Brief impression: “A Face in the Crowd”

July 23, 2014 § Leave a comment

All of a sudden Sidney Lumet’s 1975 masterwork seems that much less original. Of course, there is a rich history of great films being informed by other great films, but Elia Kazan’s 1957 gem pre-empts ‘Network’ so thoroughly that it is simply hard to ignore the latter’s indebtedness to the former. Strangely, while both films dissect, by way of dogged satire, the phenomenon of cult of personality and its place in popular media, ‘A Face in the Crowd’ may be a much more apt commentary on the current culture of ‘following’ and being followed than a film of its age has any right to, particularly nowadays during which it seems to take less and less for one to acquire a posse or legion of fans and adorers, whether in the flesh or otherwise.

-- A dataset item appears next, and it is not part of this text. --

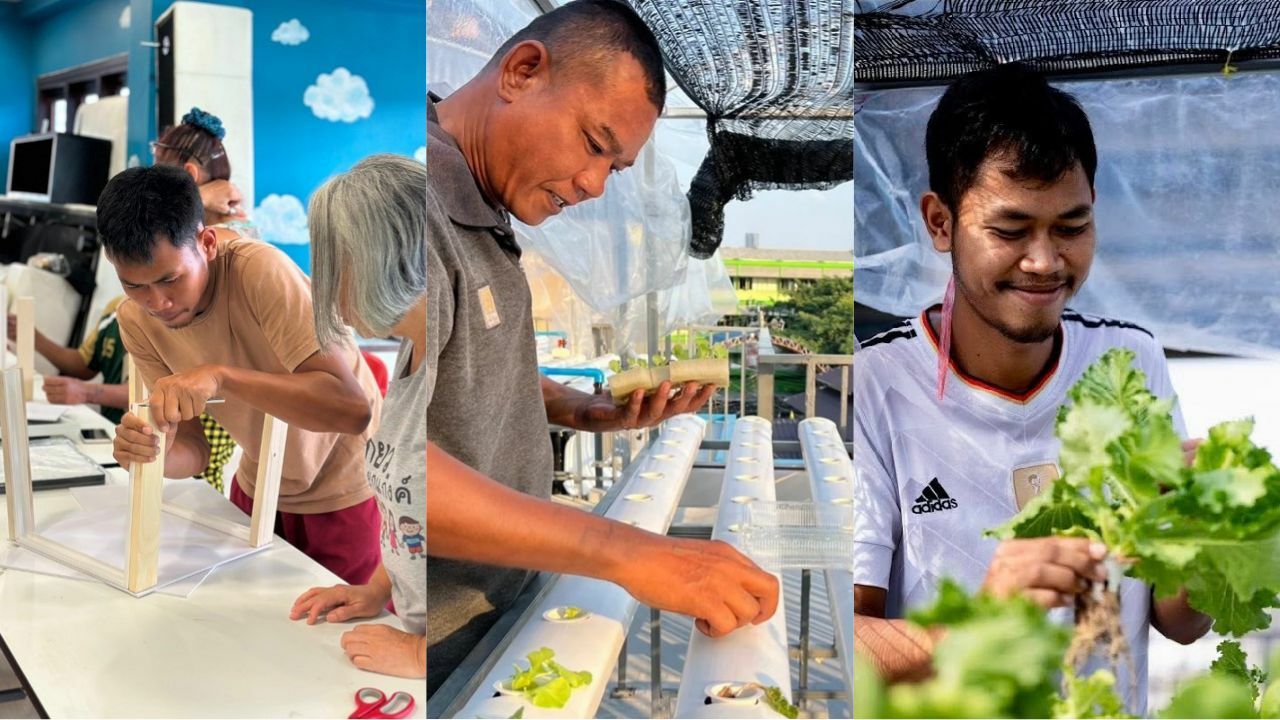 The Vocational Programmes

In ‘Network’, news anchor Howard Beale’s dwindling audience share only skyrockets once his impending axing flips his switch and turns him into a crazed or perhaps pseudo-crazed mad prophet of the airwaves, one who seems to echo and articulate the frustrations of the average television viewer in post-Vietnam, post-Watergate United States of America. In contrast, ‘A Face in the Crowd’ gives us Andy Griffith in a loose-limbed, powerhouse performance as song-singing drifter Larry ‘Lonesome’ Rhodes, a self-professed “just a country boy” whose small-town charm, charisma and latent narcissism is snapped up by sharp-eyed Arkansas radio promoter Marcia Jeffries (Patricia Neal in perhaps the performance of the picture) only for him to snowball into a national television sensation. It turns out that there’s just something about this fella Lonesome that millions of Americans seem to love, so much so that he wields an immense influence in fields that your usual TV personality perhaps ought not to. Sure, Rhodes may very well have been a composite of the Elvis Presleys and Buddy Hollys of the day (as well as media personalities like Will Rogers and Arthur Godfrey), but beyond the effect Lonesome has on his legion of screaming adolescent females, this film takes a peek into the socio-political implications of a personality this big and this self-assured. Rhodes’ mentorship of a presidential hopeful is a sad reminder of how personality can and often does supersedes policy and principle in The People’s choice of a leader.

Preventing this film from floating off into the stratosphere where overly brash satires that sadly disappear into a vortex of their own cynicism go to die is Kazan’s dedication to a sort of grassroots realism that tends to wheedle its way into his generally baroque approach, acting almost as a sobering reminder that the mythical heights to which Lonesome Rhodes rises in the film do not exist exclusively in a world of cinema and fantasy but in the same world that is home to the everyday, the average. This is perhaps no more evident in Lonesome’s grand homecoming when he is treated to a routine by the local high-school cheerleading team (a slight call-back to the forbidden sexuality in Kazan’s previous film ‘Baby Doll’). The choice of interweaving of candid-looking, almost verité shots of the small-town American crowds that have come to see their local hero with more staged and stylised depictions of Lonesome’s antics and reactions seems to suggest that there is an element of mutualism at play here; that Lonesome satisfies his fans’ need to adore, to worship, to elevate as much as they feed his need to be adored and worshiped and elevated. The truth of course is that this not quite mutualism or commensalism but a kind of mutual parasitism whereby both parties feed off each other to satisfy needs that do not in any way benefit either of them in the long term.

But for all the socio-political commentary, as is true of a great deal of Elia Kazan’s work, ‘A Face in the Crowd’ is great entertainment in the broadest Hollywood sense: it’s classical rise-and-fall storytelling that moves at a cracking pace, populated by the faces that have a certain star quality. This picture is one strong piece of evidence in favour of the idea that a film can package intelligence and insight in a snappy, flashy package of song, sass and swinging style.